I bought this book a long time ago -probably when I was in my early 30s - when I was studying English really hard. (Even then, I wasn't studying as hard as I am now, though.) The book had been on the shelf, never read until I took it out a few days ago. I even don't remember why I bought this book. Then for a while, I was pondering things like what made me want to buy it, which part of it attracted me the most, or something like that. Anyway, I did decide to pick up this book. Is that because the cover of the book was so beautiful and colorful which made it very enticing and irresistible to me? I bought this book maybe because, at the first glance, it looked easy to read since it’s a pretty slim book (with only 118 pages) compared to other average paperbacks. Besides, the book is written with relatively bigger print. That should've been another reason, but now I’m sure it's not necessarily so when I think about how better my eyesight was before (Now, I can’t survive without my reading glasses, but back then, this is something I’d never have even had any slightest idea of. I’m older than I was before, but I can’t help, but exclaim “Those were the good old days!”) This concludes me that the biggest reason why I chose book in those days is because I totally belittled the difficulty of this book. In other words, I assumed that it’d be pretty easy for me to read this book.

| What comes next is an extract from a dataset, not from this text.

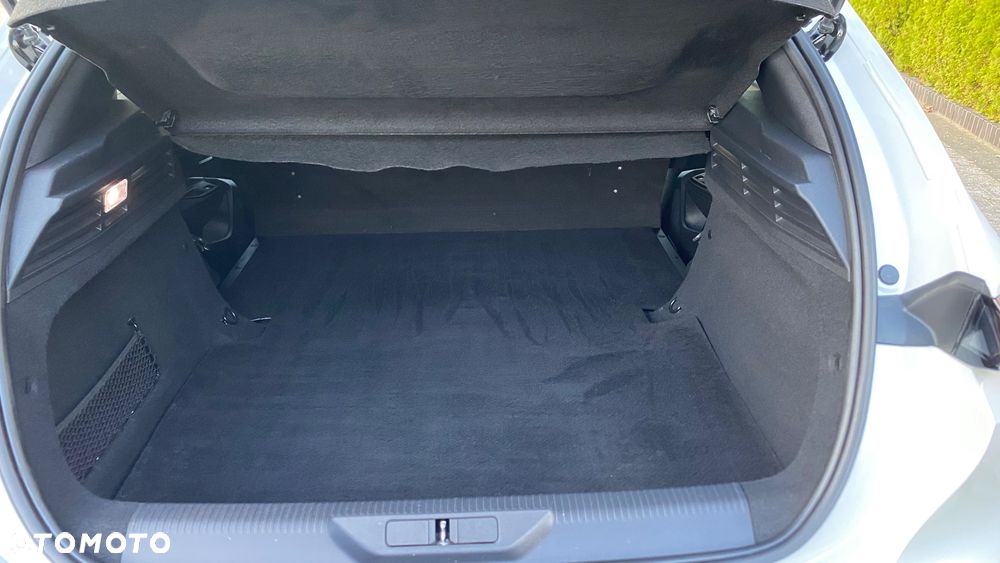 Peugeot 308 SW BlueHDi 130 EAT8 Stop & Start Allure Business-Paket - 17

In reality however, I now firmly believe that it was impossible for me to read through this book because there are a lot of difficult vocabulary here and there – the vocabulary I now find OK because I learned them when studying for STEP 1st grade. I was glad that I worked that hard because now I can read this book somehow. My efforts finally paid off. So, no wonder I gave up reading this book halfway through when I originally bought it (not knowing if I’d ever even tried in the first place, though.) It can be really disappointing to find out the book you chose turned out to be beyond your reading comprehension ability. I’ve been there so many times. It can be also discouraging, but letting it get you down is not the cleverest idea because keeping reading is the only solution to in order to make your reading better. However, putting aside the book that’s still too difficult for you for a while until you feel like giving it a try again later is a good idea. Making another attempt might be successful. It might tell you how much you’ve improved just like the one that just happened to me.
OK, enough about what brought me to reading this book. Let me finally move on to what the story is about.
Before I read it this time, I knew little about what the story is about. All I knew, besides the title of it, was that there might have been a movie based on this story or something. That's all. So, I began to read with open mind, no prejudice at all. The more I kept reading, however, the more confused it made me because it was just humorous. There are tons of expressions and descriptions that sound so amusing and I couldn’t stop laughing. I wonder “Is this story supposed to be this hilarious? I could’ve considered it more serious – but could never have thought it could be this funny. I’d never laughed that hard when reading English books. It was a very good feeling to me, because it shows how much I was able to understand and keep up with the story.
It was a very beautiful story - poignant and humorous at the same time. It’s a story about a son of fisherman named Mario who’s not interested in becoming a fisherman like his father. Insisted on finding a job by his father, he chose to be a mailman whose only customer – and was also the only literate person in the village – is Pablo Neruda, the Nobel Prize winning Chilean poet. Being an ardent fan of Pablo Neruda himself at first, Mario and Pablo Neruda soon become good friends. Mario fell in love with the most beautiful young lady in the village named Beatrice, and asks Neruda to teach him how to make poems so that he can win her heart. Despite her mother’s disapproval, they eventually get married and their first child is on the way. Neruda moves to France to be assigned as the ambassador to France. While he’s there, Neruda gets homesick and asks Mario to record (by the Japanese-made Sony cassette recorder, which made me feel proud!) for him various kinds of sounds he used to appreciate when living in the village such as the sound of wind, waves, birds, bell rings, dogs barking, sea retreating and the lastly – Mario’s new-born baby’s cry! (which must be totally unexpected to Neruda because he didn't know the birth of Mario's first baby) The story seems very peaceful until then, but unfortunately, because of the political turmoil back then, things are deteriorating… Nothing seems to be able to stop it making everyone helpless and powerless. How deplorable... How tragic...
In addition to the challenging vocabulary that I’ve already referred to above, the book has a lot of poems in it making this story very poetic and dramatic. Although it keeps me laughing first, the ending is the saddest and most disappointing to me. It gets me wonder why people’s lives would have to be sacrificed and tormented by such political confusions. There are no more laughing scenes in the end. That reminds me of how relaxing the village was and how laid-back the people’s lives were at the first-half of the story. It just seemed to be a tragic story by the time I finished reading it. It just shows how fragile people’s lives and fates can be. However, there is still hope. Although death is always a sad thing, it also makes being alive very valuable. It’s totally indescribable with my limited expressive ability, but the book actually left a strong impression on me.
About the plot, I found out that the way both the novel and the movie are described are a bit different; the novel says "mother" whereas the movie says "aunt." "Mario", the protagonist dies at the end of the movie while "Pablo Neruda", the poet does in the novel. As far as I read the review of both the novel and the movie on both amazon.com and amazon. co. jp, no one seems to be mentioning this. That's very weird. To me, this is a very big difference. (I hope I'm not mistaken.) One of the reviewers of the movie on amazon.com even says that the movie is very true to the book, which left me a confusing impression. No offense, but, as a matter of fact, Mario’s death would be a bigger impact on me (because he's an innocent citizen, and mostly he's younger...).
In conclusion, personally, I’m glad that I was able to read this book at this point in life. It gave me an opportunity to think about what life means and how to live it. It’s absolutely a book worth reading. I highly recommend you read, too.